0

Ubuntu 18.04 and I have a folder open via right click and "open as administrator" (it's on a disk from another Linux machine, plugged into sata) and I'm copying 300GB of files to this folder.

Every 5 minutes I get a pop up prompt asking for my password. I timed it and its exactly every 5 minutes.

What is the deal? I want to let this run over night but I don't want it to get hung up.

4
  • You shouldn't need to copy files, presumably over network, as administrator. Just need to configure it properly with right permissions. Also, is is samba, ssh, ftp??? Sep 13, 2018 at 1:53
  • @mikewhatever I have the destination hdd plugged into the same computer via sata. I'm not doing it over the network. The destination hdd has Debian and once tried to move files from my windows machine to the drive over my home network using syncthing.
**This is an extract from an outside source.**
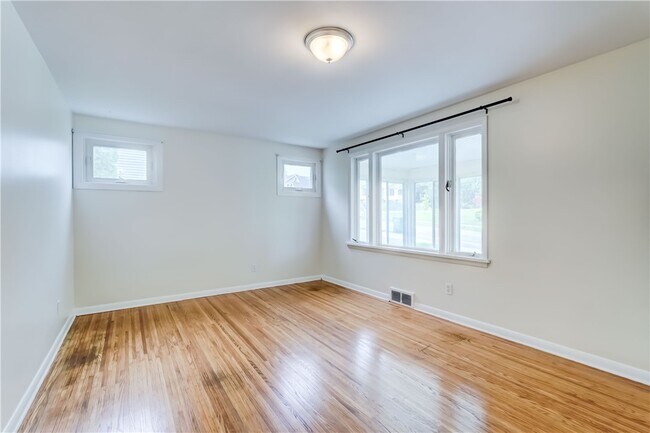 Building Photo - 159 Harwick Rd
Eventually I deleted the files from the windows machine (intended) and then it started deleting all of the files from the shared folder on my Debian server. So I'm done with transferring over the network. Unless there is an easy way to do it that doesn't involve a shared 2-way service.
    – BingBong
    Sep 13, 2018 at 1:58
  • 2
    Have you tried rsync?
    – l3l_aze
    Sep 13, 2018 at 3:00
  • @l3l_aze I've tried reading into it but I don't really understand how to set it up between windows 7 machine and the Debian server. Is it the same as Samba? It's a file sharing service yes? If so, I'm afraid of having a syncthing repeat and deleting all of my files.
    – BingBong
    Sep 13, 2018 at 3:02

1 Answer 1

5

Obviously your root permissions time out after a while. This is one of many disadvantages we are faced when running a graphical application such as nautilus as root.

A much better approach for copy tasks with root permissions would be to do that in a terminal, where you stay root by running the copy application with sudo.
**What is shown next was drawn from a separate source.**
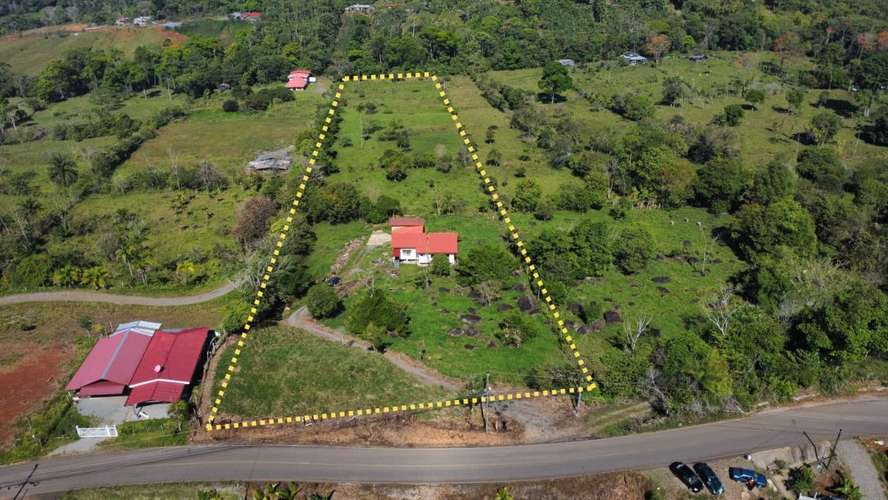 1245671 / Casa en venta / Pérez Zeledón / 20.000 m² de terreno / Una planta / Camioneta 4x4 incluida - Imagen 1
rsync is just one of many file copy services but one with tremendously many options, the possibility to copy over network, have it resume on errors, skip already existing files on the destination, or let it exclude files or directories.

The basic command for rsync is very simple

 sudo rsync -a source/ destination

where source and destination are the corresponding mount points (or network locations), and -a is for a sensible "archive" option that includes all options rlptgoD.

Only one thing that always confuses me a bit is the slash / after the source directory which tells rsync to not create this directory on the destination but copy all of its content instead.

There also is a graphical interface grsync for those who dislike the terminal too much. I use grsync because it allows to drop-down select from different copy profiles I had set up for backup purposes.

Not the answer you're looking for? Browse other questions tagged .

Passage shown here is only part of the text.